→ **What the task requires**
Extract the records below word for word and ignore the images.

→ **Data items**
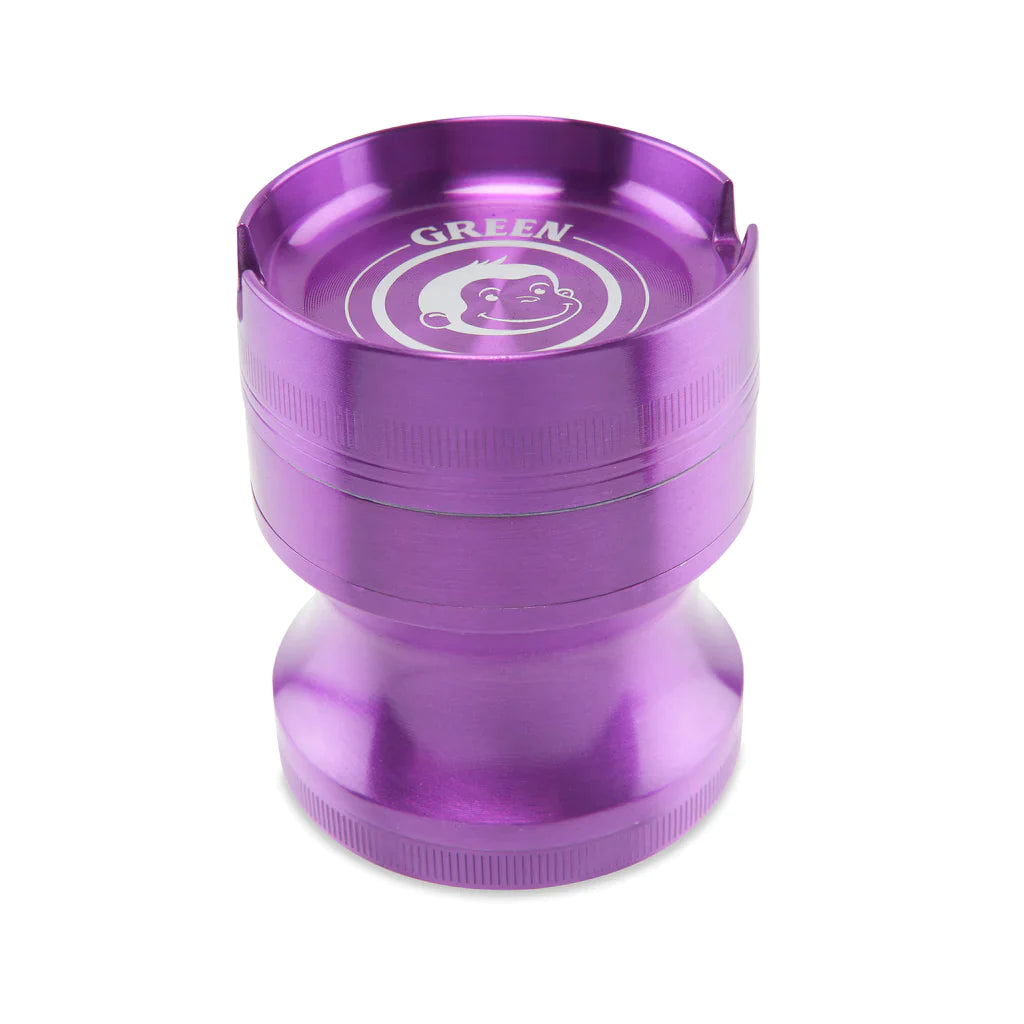 Angled view of the Green Monkey Chacma grinder in deep purple. This durable 63mm 4-piece zinc alloy grinder features a chalice-style shape and a built-in ashtray on the lid for convenience.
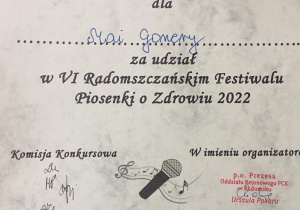Dyplom dla Mai za udział w festiwalu.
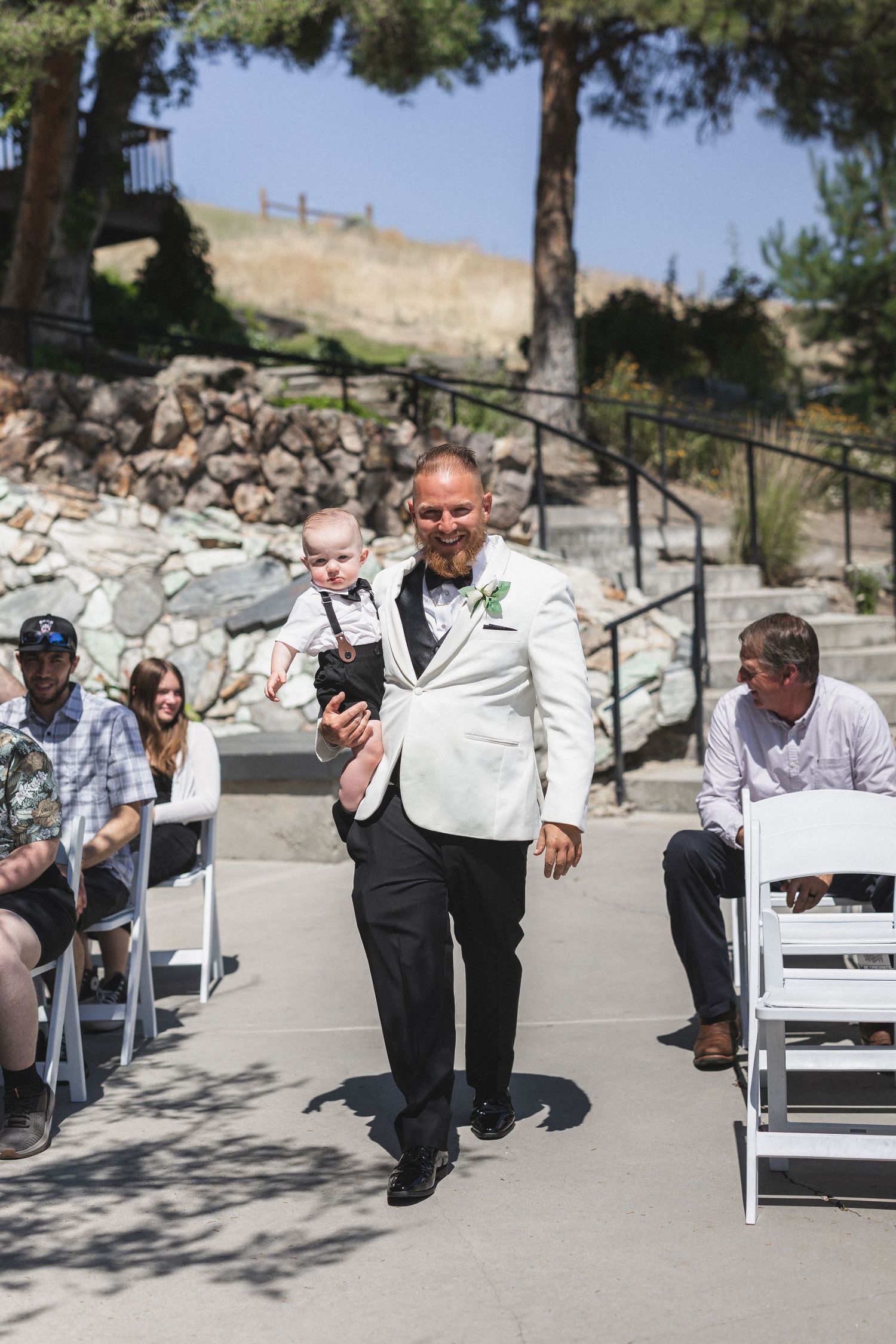 A person walks down the aisle carrying a baby at an outdoor wedding ceremony.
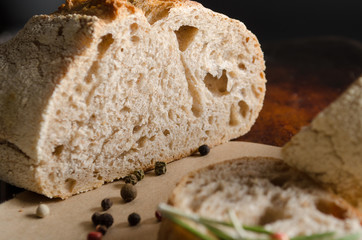 Half of bread on dark background with peper add rosemary close up.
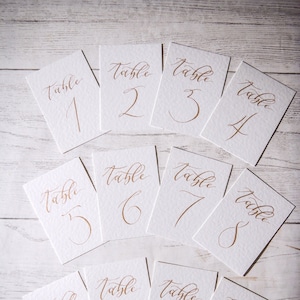Hand lettered calligraphy table names/numbers - CLEAN range - on white hammered card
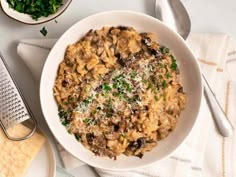 a bowl of pasta with mushrooms and parmesan cheese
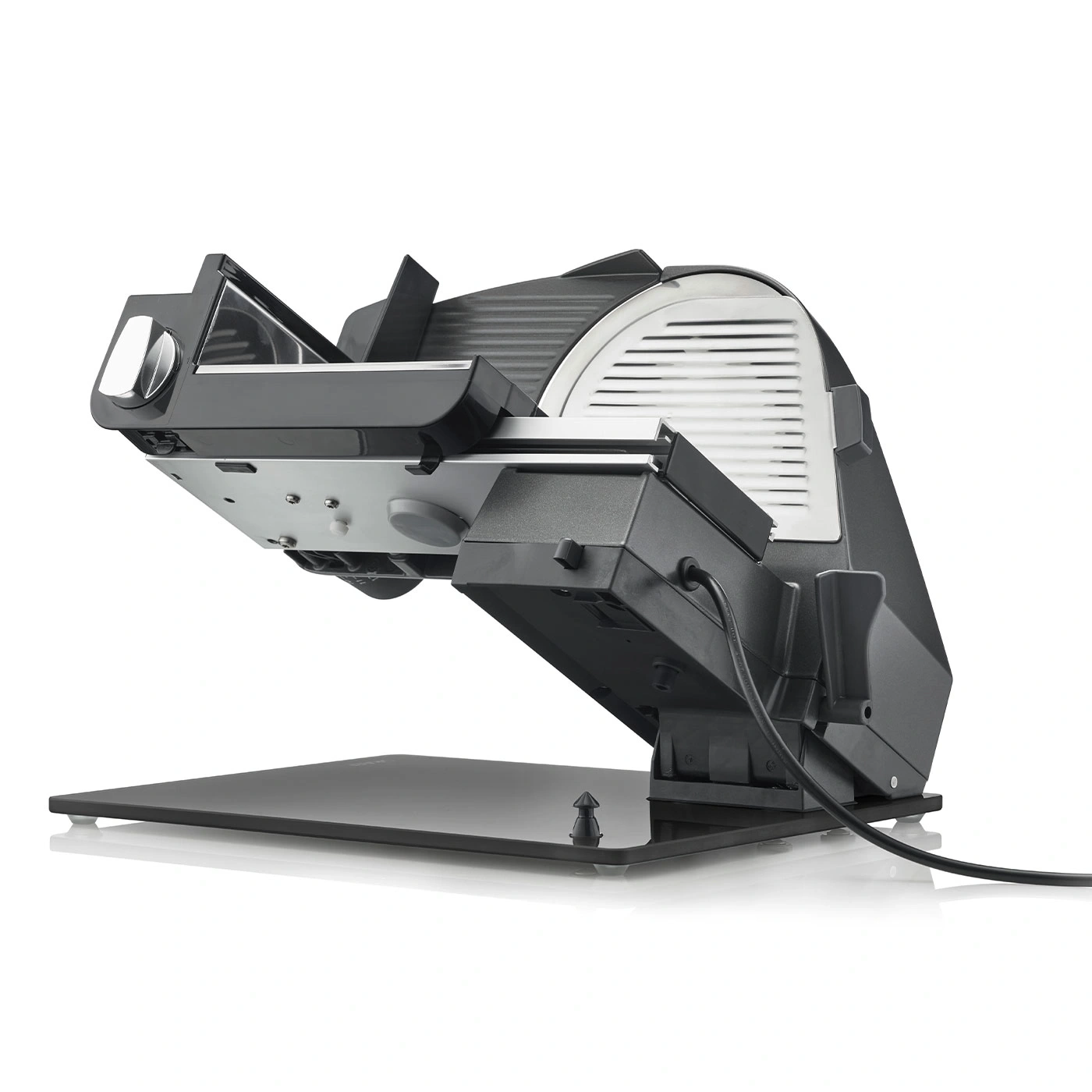 Electric slicer, black, angled, with cable and base, isolated on white background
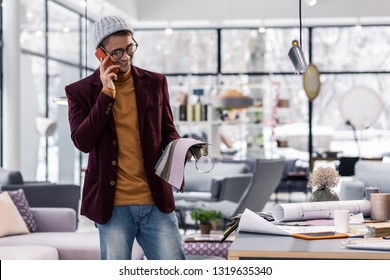 Negotiation. Good-appealing brown-haired smiling procurement specialist in his 30s wearing fancy blazer, grey hat and glasses negotiating on phone with fabrics supplier while holding samples in hands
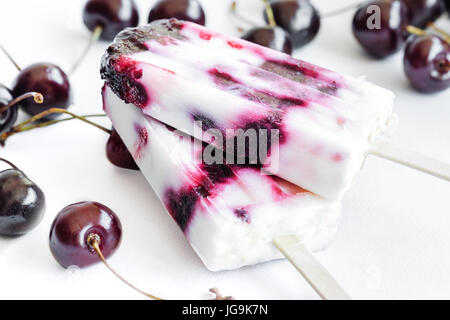 Joghurt und Kirschen Eis am Stiel auf weißem Hintergrund. Erfrischendes Sommer-Dessert. Stockfoto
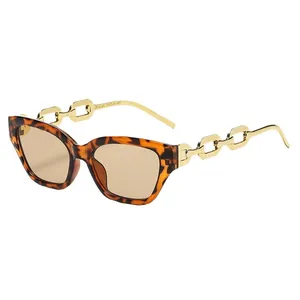 Stylish tortoiseshell cat-eye sunglasses for men and women with gold chain-link temples.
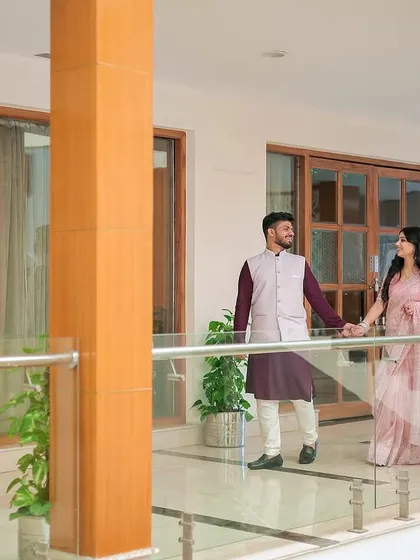 A classic shot of the couple holding hands and walking along a modern, glass-paneled balcony.
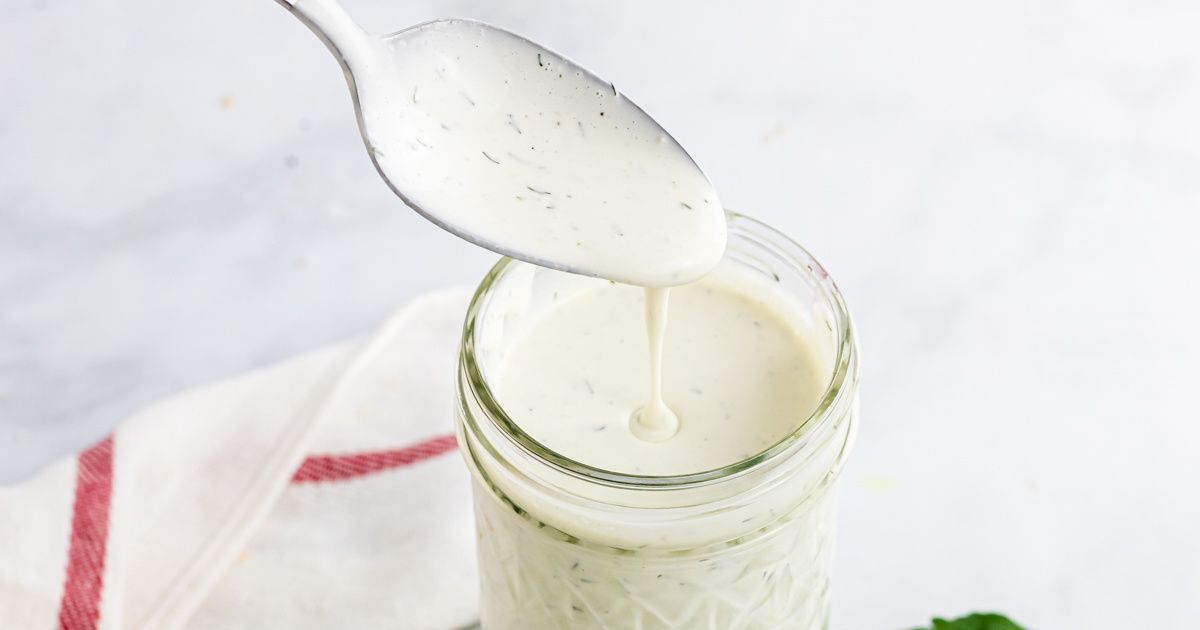 spoon pouring keto ranch dressing into a jar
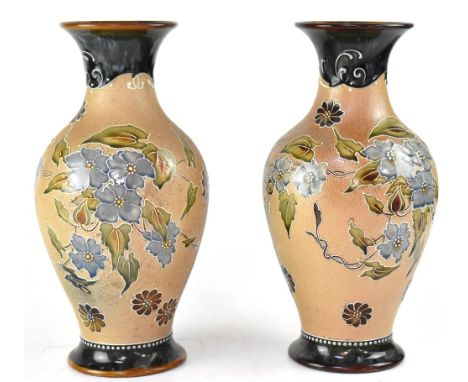 ROYAL DOULTON; a pair of early 20th century Doulton Slater baluster vases, brown dip glaze necks to textured body with raised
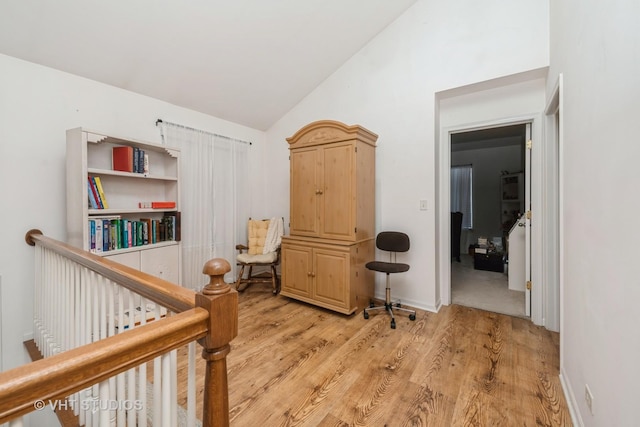 601 Cary Woods Cir Unit 601, Cary, IL 60013 - hall with vaulted ceiling, light wood-style floors, and an upstairs landing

→ **Output below**
 Angled view of the Green Monkey Chacma grinder in deep purple. This durable 63mm 4-piece zinc alloy grinder features a chalice-style shape and a built-in ashtray on the lid for convenience.
Dyplom dla Mai za udział w festiwalu.
 A person walks down the aisle carrying a baby at an outdoor wedding ceremony.
 Half of bread on dark background with peper add rosemary close up.
Hand lettered calligraphy table names/numbers - CLEAN range - on white hammered card
 a bowl of pasta with mushrooms and parmesan cheese
 Electric slicer, black, angled, with cable and base, isolated on white background
 Negotiation. Good-appealing brown-haired smiling procurement specialist in his 30s wearing fancy blazer, grey hat and glasses negotiating on phone with fabrics supplier while holding samples in hands
 Joghurt und Kirschen Eis am Stiel auf weißem Hintergrund. Erfrischendes Sommer-Dessert. Stockfoto
 Stylish tortoiseshell cat-eye sunglasses for men and women with gold chain-link temples.
 A classic shot of the couple holding hands and walking along a modern, glass-paneled balcony.
 spoon pouring keto ranch dressing into a jar
 ROYAL DOULTON; a pair of early 20th century Doulton Slater baluster vases, brown dip glaze necks to textured body with raised
 601 Cary Woods Cir Unit 601, Cary, IL 60013 - hall with vaulted ceiling, light wood-style floors, and an upstairs landing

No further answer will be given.